TASK TO COMPLETE >>
In the records below, repeat word for word only the lines starting at the one that contains "Kurzarmshirt mit Frontdruck" and ending at the one that contains "Kleines Mädchen mit", pictures excluded.

*** Opening of GIVEN ENTRIES ***

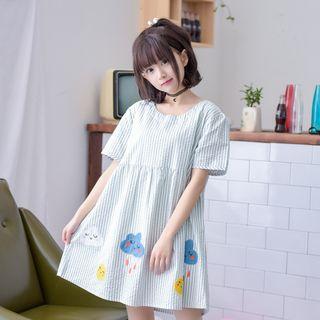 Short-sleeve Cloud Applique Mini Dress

*** Close of GIVEN ENTRIES ***
*** Opening of GIVEN ENTRIES ***

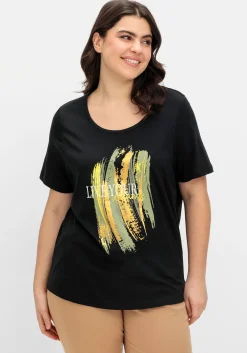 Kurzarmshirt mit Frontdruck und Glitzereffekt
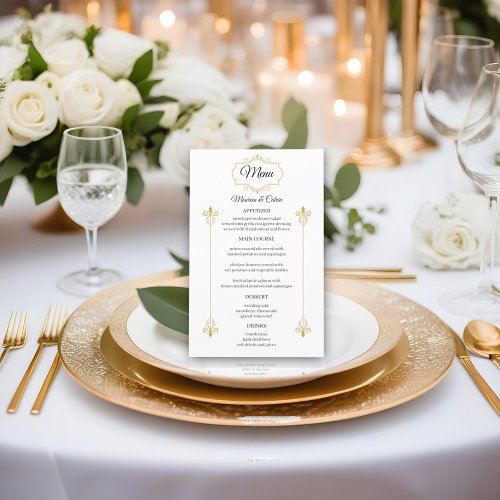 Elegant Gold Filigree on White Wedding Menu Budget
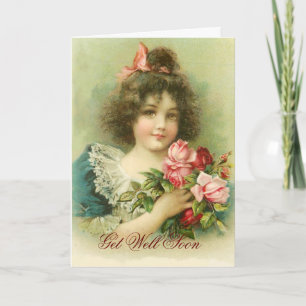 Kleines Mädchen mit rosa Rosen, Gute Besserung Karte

*** Close of GIVEN ENTRIES ***
*** Opening of GIVEN ENTRIES ***

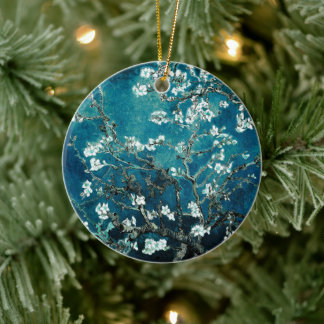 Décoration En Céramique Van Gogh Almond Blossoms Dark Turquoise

*** Close of GIVEN ENTRIES ***

WORKED SOLUTION >>
 Kurzarmshirt mit Frontdruck und Glitzereffekt
 Elegant Gold Filigree on White Wedding Menu Budget
 Kleines Mädchen mit rosa Rosen, Gute Besserung Karte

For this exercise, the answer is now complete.